The resulting recipe makes a good, everyday cookie. Is it a great one? Not yet. I could have used a touch less sugar and a touch more salt. Wheat germ would have complemented the puffed quinoa better than all-purpose flour alone. Or maybe I’d go about it in an entirely different way.
Now I need the pinipig experts to come to the rescue to tell me what to do differently next time.
- 1 cup puffed rice
- ½ cup puffed quinoa
- 1 cup all-purpose flour
- 1 tablespoon rice flour
- 1 teaspoon sea salt flakes or ½ teaspoon kosher salt
- ½ cup unsalted butter, at room temperature
- ½ cup cane sugar
- ¼ cup packed light muscovado sugar or light brown sugar
- Zest of 1 lime
- 2 large eggs
- In a dry skillet over medium heat, toast the puffed rice and amaranth until aromatic, 2 to 3 minutes.
- In a bow, whisk together the flours and salt. Stir in the puffed rice and quinoa.
- In a stand mixer fitted with the paddle attachment, break up the butter on medium speed for about a minute. Add the sugars. Zest the lime directly into the bowl. Beat on medium speed until light and airy, 3 to 4 minutes. Scrape down the sides of the bowl with a rubber spatula.
- On low speed, mix in the eggs, one at a time, until incorporated, about 30 seconds. Add the dry ingredients and mix on low speed until just incorporated, about 30 seconds. Transfer the dough to a bowl and cover. Refrigerate at least overnight or up to 3 days.
- Heat the oven to 350ºF. Line 3 baking sheets with parchment paper or coat lightly with nonstick cooking spray.
- Portion the dough into 12 heaping tablespoons and evenly distribute onto one of the prepared baking sheets.

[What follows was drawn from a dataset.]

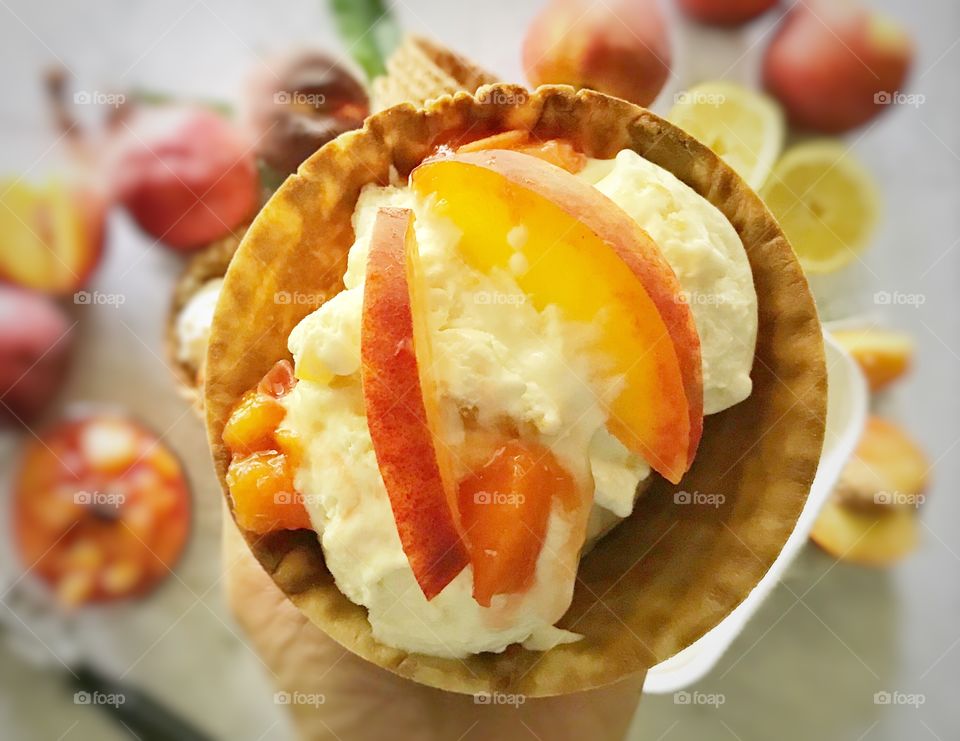 Peach ice cream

- Bake for 10 minutes. Rotate the baking sheet and continue to bake until the edges are a golden brown and the tops are set, another 4 to 6 minutes. Let the cookies cool for a couple of minutes on the baking sheet. Using a metal spatula, transfer the cookies to a wire rack to cool completely. Repeat with the remaining dough.
- Cookies can be stored in an airtight container at room temperature for up to 3 days or in an airtight container in the freezer for up to 1 week.